=== DATASET RECORDS ===

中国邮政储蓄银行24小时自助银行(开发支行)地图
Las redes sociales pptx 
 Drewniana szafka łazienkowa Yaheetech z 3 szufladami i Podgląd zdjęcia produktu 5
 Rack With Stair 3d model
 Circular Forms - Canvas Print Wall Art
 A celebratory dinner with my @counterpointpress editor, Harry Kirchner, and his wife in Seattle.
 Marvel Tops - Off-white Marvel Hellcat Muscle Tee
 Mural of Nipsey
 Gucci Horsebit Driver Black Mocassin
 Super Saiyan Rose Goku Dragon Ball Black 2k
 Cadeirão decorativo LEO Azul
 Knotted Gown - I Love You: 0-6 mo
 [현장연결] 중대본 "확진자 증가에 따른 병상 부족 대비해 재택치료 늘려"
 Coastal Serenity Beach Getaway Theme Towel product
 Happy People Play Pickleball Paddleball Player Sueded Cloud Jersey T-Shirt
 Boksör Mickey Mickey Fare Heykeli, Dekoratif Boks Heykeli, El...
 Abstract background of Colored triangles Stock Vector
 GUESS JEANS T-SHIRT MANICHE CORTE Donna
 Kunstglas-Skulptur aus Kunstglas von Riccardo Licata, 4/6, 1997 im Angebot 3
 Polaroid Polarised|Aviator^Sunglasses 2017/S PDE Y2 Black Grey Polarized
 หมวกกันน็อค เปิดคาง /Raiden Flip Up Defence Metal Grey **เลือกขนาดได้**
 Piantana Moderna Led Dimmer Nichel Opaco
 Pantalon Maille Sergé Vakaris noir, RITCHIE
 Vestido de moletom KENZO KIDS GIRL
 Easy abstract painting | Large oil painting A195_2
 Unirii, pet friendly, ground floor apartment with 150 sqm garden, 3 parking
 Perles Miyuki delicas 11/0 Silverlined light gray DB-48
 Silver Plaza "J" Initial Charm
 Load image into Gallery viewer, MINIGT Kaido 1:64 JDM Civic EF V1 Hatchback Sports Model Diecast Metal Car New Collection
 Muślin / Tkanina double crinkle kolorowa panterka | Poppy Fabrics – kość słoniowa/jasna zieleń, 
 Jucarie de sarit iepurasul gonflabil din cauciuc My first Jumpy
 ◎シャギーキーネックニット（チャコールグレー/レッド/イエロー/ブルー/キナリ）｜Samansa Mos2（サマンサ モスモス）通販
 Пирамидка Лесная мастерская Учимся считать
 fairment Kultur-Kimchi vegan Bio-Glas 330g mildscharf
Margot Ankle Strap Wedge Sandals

===

**TRY IT**
Set all the data down again, exactly as it reads above.

**SOLVED EXERCISE**
中国邮政储蓄银行24小时自助银行(开发支行)地图
Las redes sociales pptx 
 Drewniana szafka łazienkowa Yaheetech z 3 szufladami i Podgląd zdjęcia produktu 5
 Rack With Stair 3d model
 Circular Forms - Canvas Print Wall Art
 A celebratory dinner with my @counterpointpress editor, Harry Kirchner, and his wife in Seattle.
 Marvel Tops - Off-white Marvel Hellcat Muscle Tee
 Mural of Nipsey
 Gucci Horsebit Driver Black Mocassin
 Super Saiyan Rose Goku Dragon Ball Black 2k
 Cadeirão decorativo LEO Azul
 Knotted Gown - I Love You: 0-6 mo
 [현장연결] 중대본 "확진자 증가에 따른 병상 부족 대비해 재택치료 늘려"
 Coastal Serenity Beach Getaway Theme Towel product
 Happy People Play Pickleball Paddleball Player Sueded Cloud Jersey T-Shirt
 Boksör Mickey Mickey Fare Heykeli, Dekoratif Boks Heykeli, El...
 Abstract background of Colored triangles Stock Vector
 GUESS JEANS T-SHIRT MANICHE CORTE Donna
 Kunstglas-Skulptur aus Kunstglas von Riccardo Licata, 4/6, 1997 im Angebot 3
 Polaroid Polarised|Aviator^Sunglasses 2017/S PDE Y2 Black Grey Polarized
 หมวกกันน็อค เปิดคาง /Raiden Flip Up Defence Metal Grey **เลือกขนาดได้**
 Piantana Moderna Led Dimmer Nichel Opaco
 Pantalon Maille Sergé Vakaris noir, RITCHIE
 Vestido de moletom KENZO KIDS GIRL
 Easy abstract painting | Large oil painting A195_2
 Unirii, pet friendly, ground floor apartment with 150 sqm garden, 3 parking
 Perles Miyuki delicas 11/0 Silverlined light gray DB-48
 Silver Plaza "J" Initial Charm
 Load image into Gallery viewer, MINIGT Kaido 1:64 JDM Civic EF V1 Hatchback Sports Model Diecast Metal Car New Collection
 Muślin / Tkanina double crinkle kolorowa panterka | Poppy Fabrics – kość słoniowa/jasna zieleń, 
 Jucarie de sarit iepurasul gonflabil din cauciuc My first Jumpy
 ◎シャギーキーネックニット（チャコールグレー/レッド/イエロー/ブルー/キナリ）｜Samansa Mos2（サマンサ モスモス）通販
 Пирамидка Лесная мастерская Учимся считать
 fairment Kultur-Kimchi vegan Bio-Glas 330g mildscharf
Margot Ankle Strap Wedge Sandals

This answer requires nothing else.